=== Work task ===
Below are the records; reproduce all of them exactly but without any images.
··· Records to use
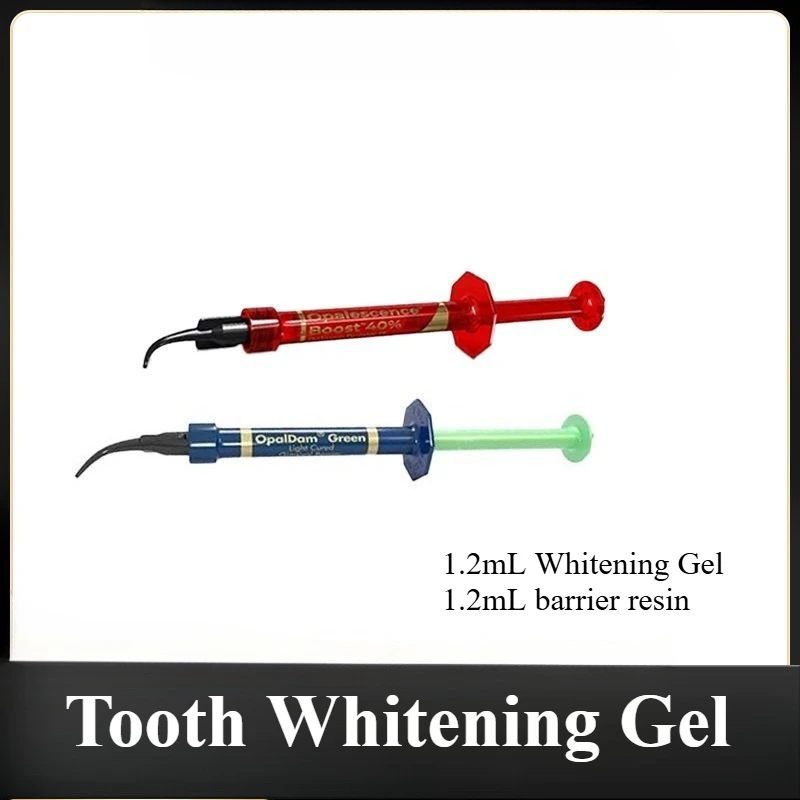 Zahnmedizinisches Material, Wa – Teeth Whitening Kit Bewertung und Preis
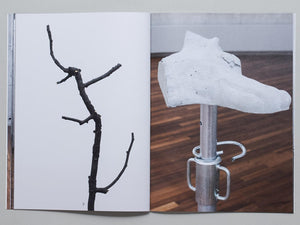 Paradise, Prototypes & Other Deconstructions - Antenne Books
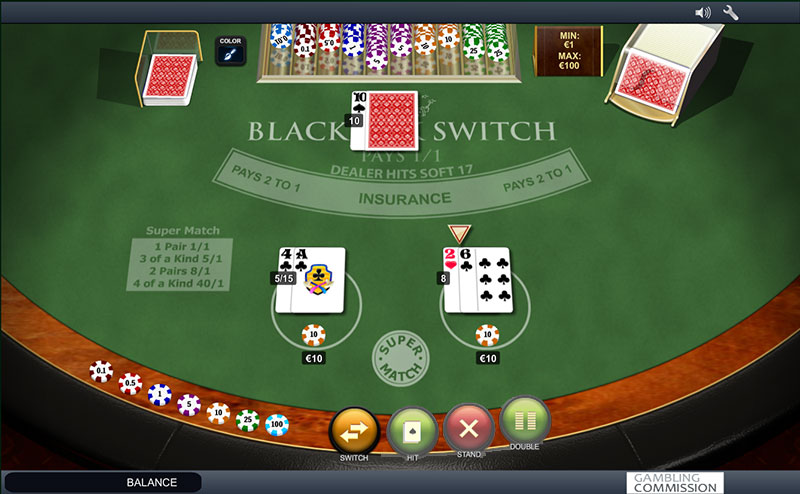 Online Casino Games -60671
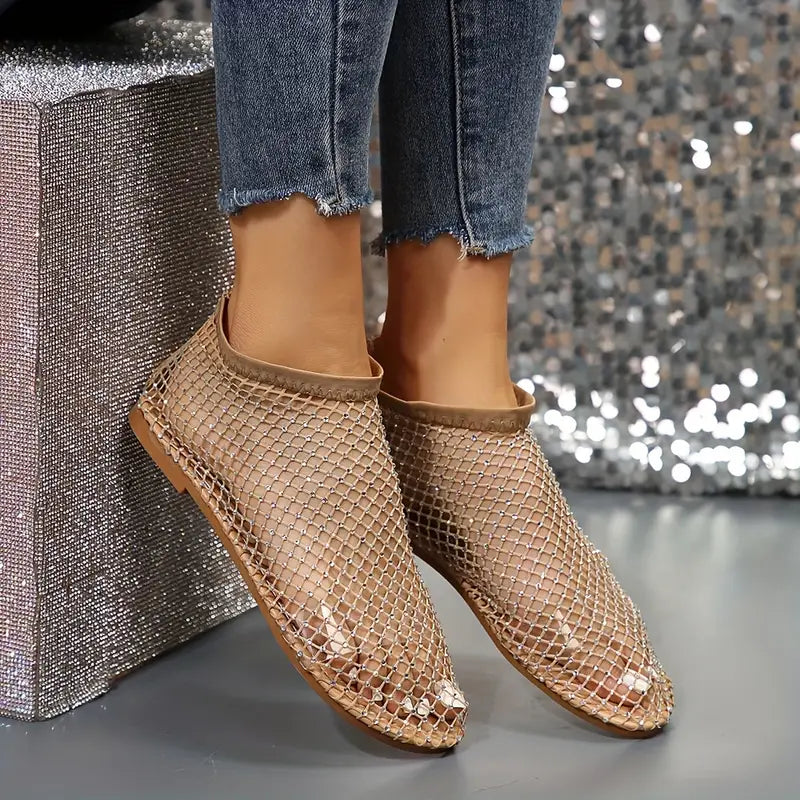 Levoire | Chaussures Plates À La Mode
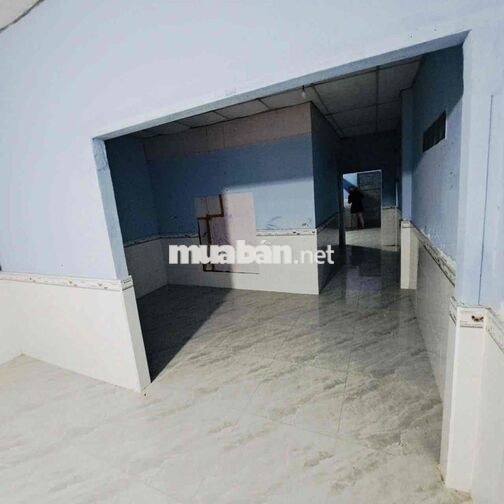 NHÀ NGAY TU VIỆN KHÁNH AN. CẤP 4 : 1PN WC. SÂN RỘNG. ĐƯỜNG 6M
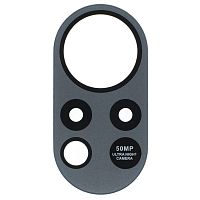 Стекло камеры Infinix Hot 11S (без рамки)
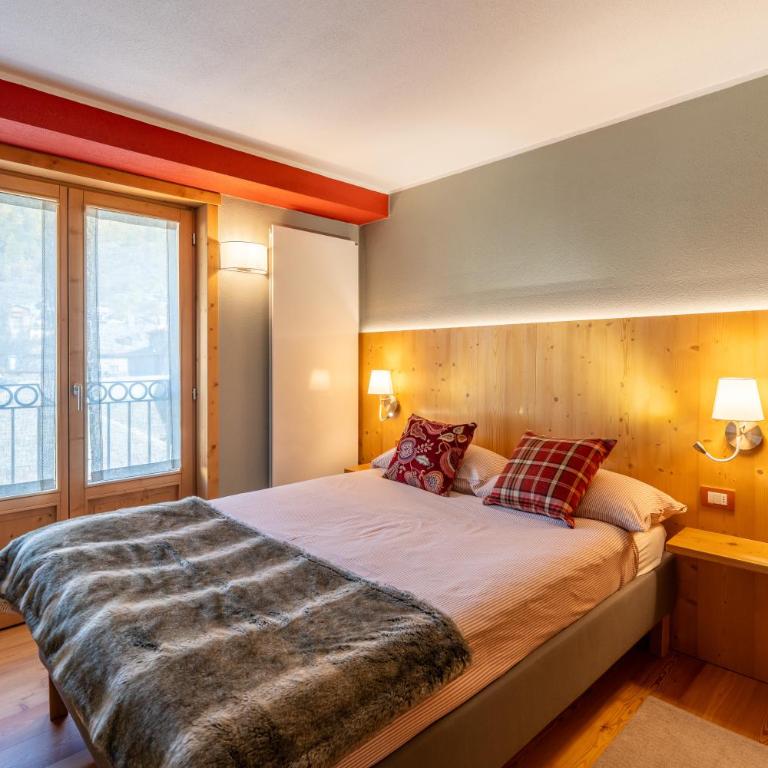 White Peak 77 – Panoramic Ski Slope Views - Appartamento - 24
······
=== Completed exercise ===
 Zahnmedizinisches Material, Wa – Teeth Whitening Kit Bewertung und Preis
 Paradise, Prototypes & Other Deconstructions - Antenne Books
 Online Casino Games -60671
 Levoire | Chaussures Plates À La Mode
 NHÀ NGAY TU VIỆN KHÁNH AN. CẤP 4 : 1PN WC. SÂN RỘNG. ĐƯỜNG 6M
 Стекло камеры Infinix Hot 11S (без рамки)
 White Peak 77 – Panoramic Ski Slope Views - Appartamento - 24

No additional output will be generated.